François De Smet

C’est le moment de…(re)lire « Persepolis »

François De Smet président de DéFI 

Dans Persepolis, bande dessinée en quatre tomes réalisée entre 2000 et 2003, Marjane Satrapi raconte sa jeunesse en Iran, marquée par la transition brutale depuis la modernité occidentalisée et dictatoriale du Shah vers le régime islamiste liberticide issu de la révolution de 1979. Le voile en est un personnage récurrent.

Ce voile, Marjane ne le supporte pas, et ose en dénoncer le caractère sexiste, fût-ce par l’absurde. A l’université, son personnage a le courage de demander pourquoi les hommes, eux, n’ont pas à se vêtir pour se protéger du regard concupiscent des femmes.

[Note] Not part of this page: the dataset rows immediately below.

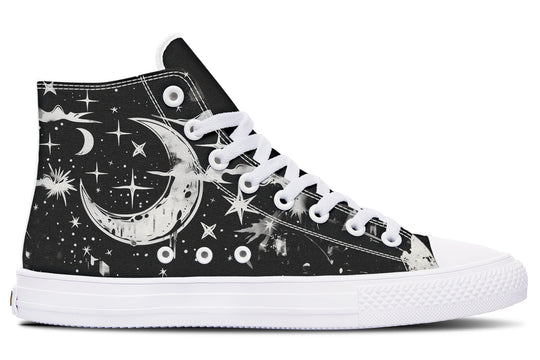 Nightfall High Tops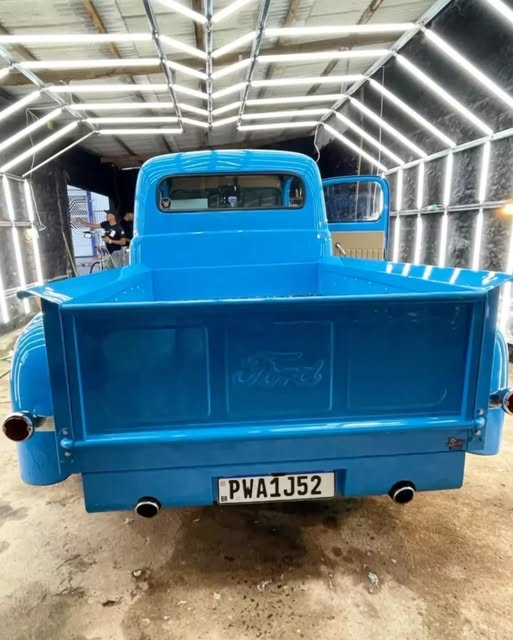 FORD F1 - Imagem 8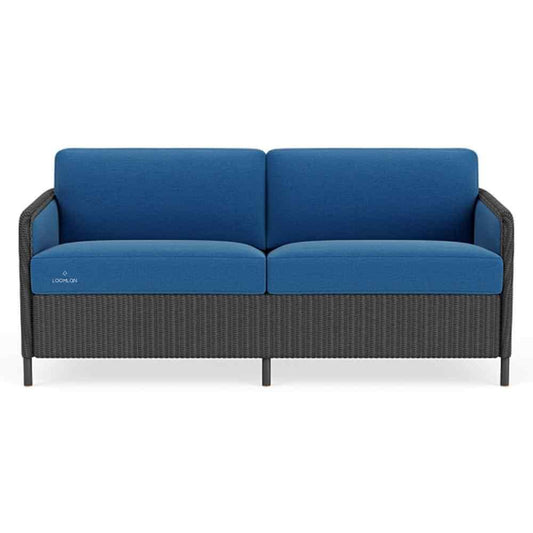 Lloyd Flanders Visions Sofa Premium Wicker Furniture Lloyd Flanders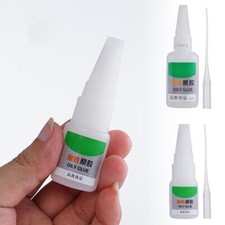 Welding High-Strength Oily Glue- Uniglue Universal NEW Super Glue Insta J8R6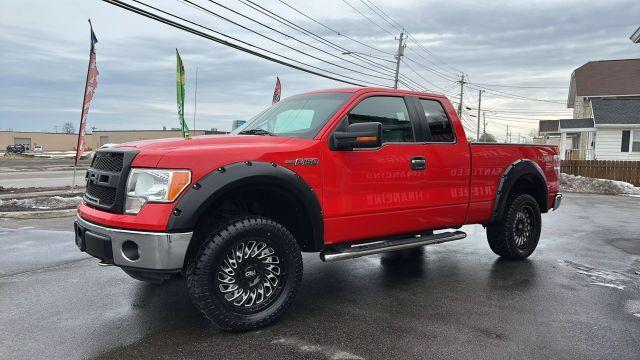 used 2012 Ford F-150 car, priced at $13,995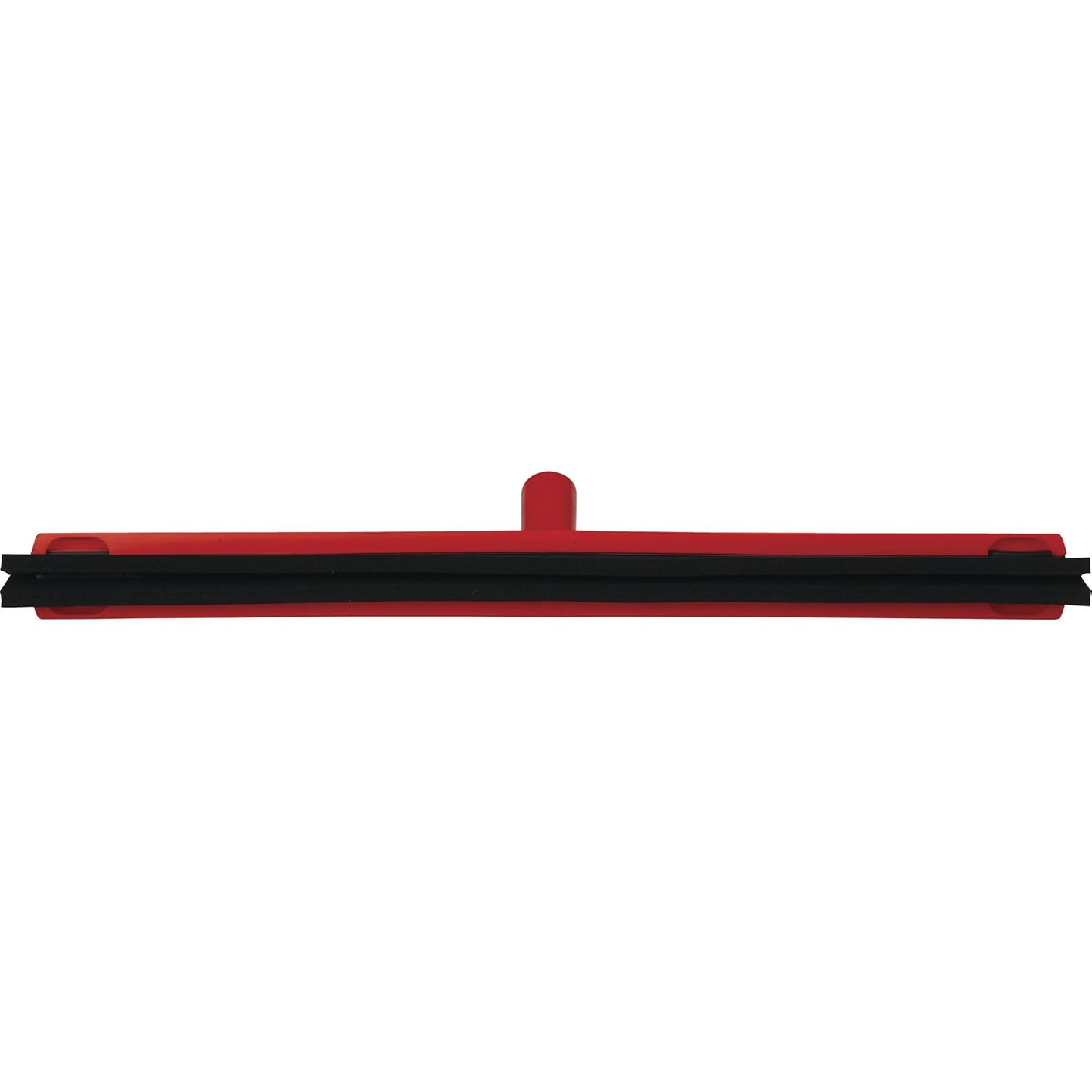 Vikan 77515 Squeegee,Fixed Head,Bench,10",PP/RB,White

En ces temps où un simple burkini déchaîne les passions estivales, relire Satrapi invite à distinguer ce qui relève du droit et ce qui relève de la compétition des convictions. Dans la course à l’échalote qu’est devenue la peur identitaire, le voile fait office d’épouvantail, ennemi des valeurs européennes qu’il corromprait inéluctablement. Problème : les valeurs européennes, justement, incluent la liberté de religion et leur libre expression, en ce compris dans l’espace public. Paradoxe : ces libertés ont été arrachées aux systèmes politico-religieux, à l’égard desquels les droits de l’homme se sont lentement et laborieusement affirmés. Bref : être européen, moderne, partisan des droits de l’homme (et de la femme), c’est être capable de faire la distinction entre des pratiques qu’on n’aime pas, mais qu’on reconnaît pouvoir exister, et ce que la loi doit permettre ou interdire. En particulier quand c’est le plus difficile.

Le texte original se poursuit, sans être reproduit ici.